_TASK_: The line with "Fig. 07 - In-cell" marks the start; please set it down along with all later lines through the end of the material, exactly, leaving out pictures.

_RECORDS PROVIDED_:
────────

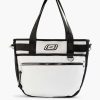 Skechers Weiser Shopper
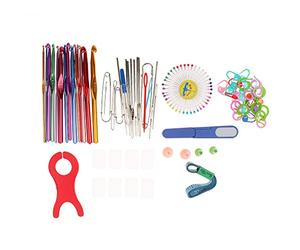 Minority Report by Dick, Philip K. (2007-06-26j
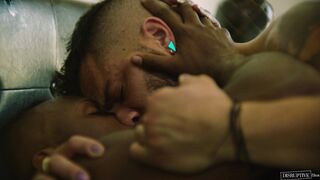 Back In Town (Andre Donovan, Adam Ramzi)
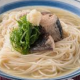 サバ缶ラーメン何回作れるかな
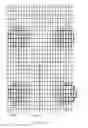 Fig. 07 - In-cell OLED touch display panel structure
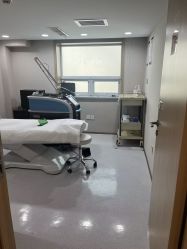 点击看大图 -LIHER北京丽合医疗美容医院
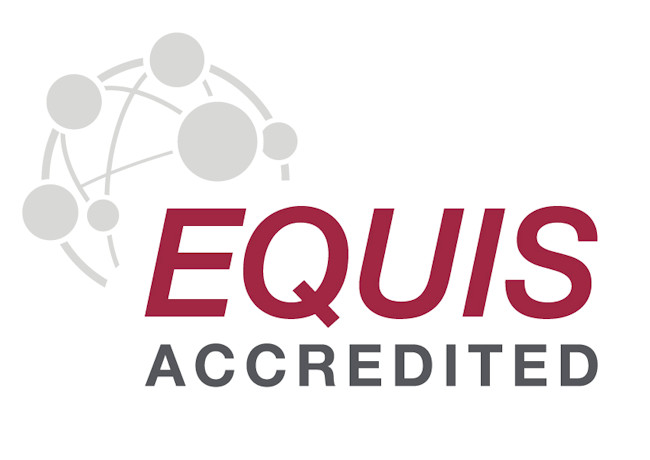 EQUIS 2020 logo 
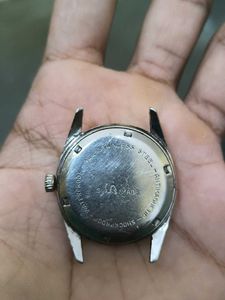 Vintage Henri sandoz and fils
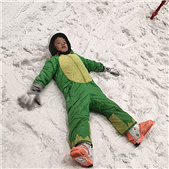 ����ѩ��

────────

_RESPONSE_:
 Fig. 07 - In-cell OLED touch display panel structure
 点击看大图 -LIHER北京丽合医疗美容医院
 EQUIS 2020 logo 
 Vintage Henri sandoz and fils
 ����ѩ��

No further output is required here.